After a month of daily use, I personally still don’t care that it’s EDR and 60 Hz. Never mind Apple would need to use Display Stream Compression to push HDR 120 Hz up a Thunderbolt cable, and there’s currently no HDR 5K120 panel in production for it to even plug into, those would both result in an increase in price that just isn’t justifiable for this display’s target market. Namely, Apple developers and designers, and creative pros outside high-end video pros. Because that’s the Pro Display XDR market, and I imagine we’ll be seeing just exactly those features, more or less, in the next generation Pro Display… for a price. I mean, I’d love 5K for $3K but I fear it’s going to be 7K for $7K this time. I’d love to be wrong on that, but either way I can’t imagine that much mini-LED is going to come cheap.
For now, people complaining it’s 7-year old panel are right, but I still want it, like I still want 7-year old connector tech, namely USB-C, on my iPhone Pro.

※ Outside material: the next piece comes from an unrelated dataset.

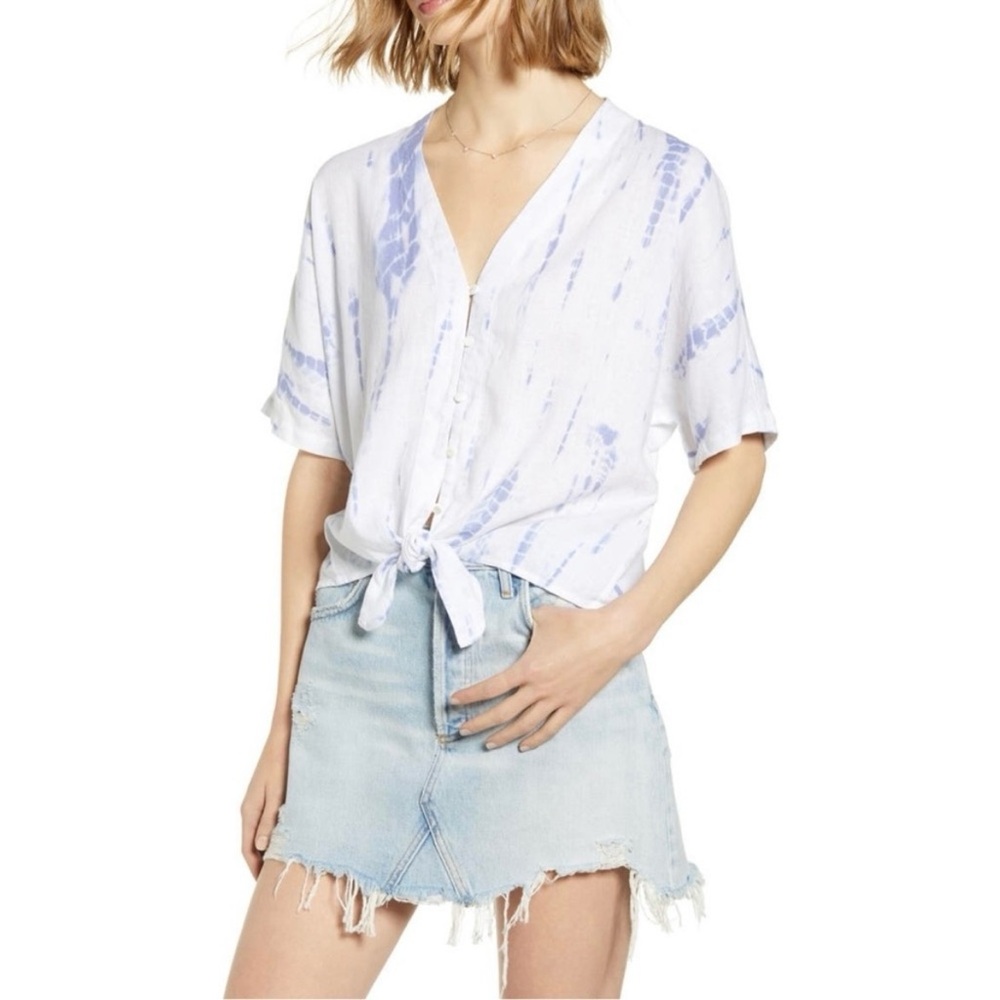 RAILS Thea Cloud Tie Dye Linen Blend Tie Waist Blouse—SZ. Small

But I’ll also happily take better.
I do wish it had Wi-Fi and Bluetooth built-in though. We can debate the merits of wireless display tech all you want, but since the Studio Display is already running iOS 15, it would just open the door to all kinds of cool, even if more fringe features, like stand-along AirPlay and Sidecar. Like, you just want to quickly check something on a big screen from your iPhone, iPad, or Mac, without going to hassle of attaching and booting up a dedicated Mac, or plugging in a cable. Especially because the iPhone still needs a dongle for that.